Consider Microsoft’s infamous AI Twitterbot, Tay, which made replies based on interactions with Twitter users, and which had to be taken down after a mere 16 hours because it began posting racist and genocidal messages. Admittedly, that was a result of deliberate attempts by the public to sabotage Tay. Yet, this weakness of biased data could translate into grave consequences if human biases and prejudices are either intentionally or unconsciously injected into the output of a system — for instance in lending decisions or in criminal justice judgements.
This problem poses a particularly difficult challenge, because the issue jumps beyond pure technical complexity and into the meta-zone of social values. While ongoing research exists to identify best practices to filter out biases and adjust weightings to data points to better reflect reality, this problem is also compounded by the black box obstacle, which makes it harder to discern the internal processes of an AI.
So those are the some of the biggest limitations to the AI of today, and some of the most promising efforts to address them. But, promising as they are, it is important to note that they are largely very early attempts to address immensely difficult challenges, meaning there are still many hurdles ahead.
The first broad hurdle is how to accurately represent the world and goals to machines. For a system to solve something, it first needs to understand the context of the problem, and secondly its goal.
For simpler tasks like recognizing a bicycle, there are a manageable number of variables to be reproduced virtually, and the goal is simple — to recognize a bike. But beyond that, it is difficult to package our world into neatly defined inputs and clear goals for AIs to interpret. For example, taking a bike from A to B would mean: get to point B promptly, while adapting to potentially unpredictable terrain and weather, obeying all relevant laws, and appropriately determine the value of human life in dangerous situations — a far more nuanced and difficult task to represent in a machine’s ‘mind’.
The second challenge is deciphering human cognition.
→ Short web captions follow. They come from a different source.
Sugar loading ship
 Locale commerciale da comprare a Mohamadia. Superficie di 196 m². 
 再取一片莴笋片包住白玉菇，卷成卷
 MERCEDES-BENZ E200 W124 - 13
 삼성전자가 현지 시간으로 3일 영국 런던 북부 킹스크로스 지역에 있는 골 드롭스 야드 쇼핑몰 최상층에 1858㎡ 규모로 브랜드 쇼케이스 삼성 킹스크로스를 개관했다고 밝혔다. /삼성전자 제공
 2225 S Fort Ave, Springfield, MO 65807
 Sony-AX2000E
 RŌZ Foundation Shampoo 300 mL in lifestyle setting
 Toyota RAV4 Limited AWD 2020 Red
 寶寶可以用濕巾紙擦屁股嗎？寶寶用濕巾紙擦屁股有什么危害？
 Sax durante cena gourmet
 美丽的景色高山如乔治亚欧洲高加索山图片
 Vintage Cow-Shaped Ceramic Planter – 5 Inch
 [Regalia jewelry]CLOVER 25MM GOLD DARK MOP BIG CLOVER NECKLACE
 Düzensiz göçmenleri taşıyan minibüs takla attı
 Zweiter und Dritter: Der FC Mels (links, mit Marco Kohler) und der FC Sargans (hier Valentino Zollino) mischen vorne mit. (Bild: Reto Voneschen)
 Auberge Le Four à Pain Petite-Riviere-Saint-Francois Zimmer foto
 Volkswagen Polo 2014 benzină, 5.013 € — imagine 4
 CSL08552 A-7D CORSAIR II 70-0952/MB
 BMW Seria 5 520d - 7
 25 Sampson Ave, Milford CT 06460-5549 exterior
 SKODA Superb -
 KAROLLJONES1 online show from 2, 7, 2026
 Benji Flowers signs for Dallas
In cases where the goals and rules can be clearly distilled, like chess or long division, machines have already surpassed what we are capable of. But human cognition is still far superior in interpreting and solving poorly defined problems, such as making a cup of coffee in any given household.
The issue is, we don’t yet fully understand the mechanics of our own cognition. We can distinguish certain features used in cognition, such as perception, reasoning, and abstraction, but we haven’t a clear set of rules or frameworks that lead to intelligent problem solving. For intelligent machines to solve problems as we do, or better than we can, we first need to dissect how we go about solving problems, and apply those principles to an AI system.
With that said, the intention of this post is not to promote a pessimistic view of AI. Instead, we want to give a sober account of what AI can and cannot (yet) do. The limits to today’s AI are numerous, as are the corresponding initiatives that try to tackle those challenges; entirely new approaches and techniques could also emerge to navigate these present difficulties. Ultimately, though, it seems the biggest limitations to artificial intelligence have less to do with the systems themselves, but with our ability to convey to these systems the nuances of our world and mechanics of our own cognition.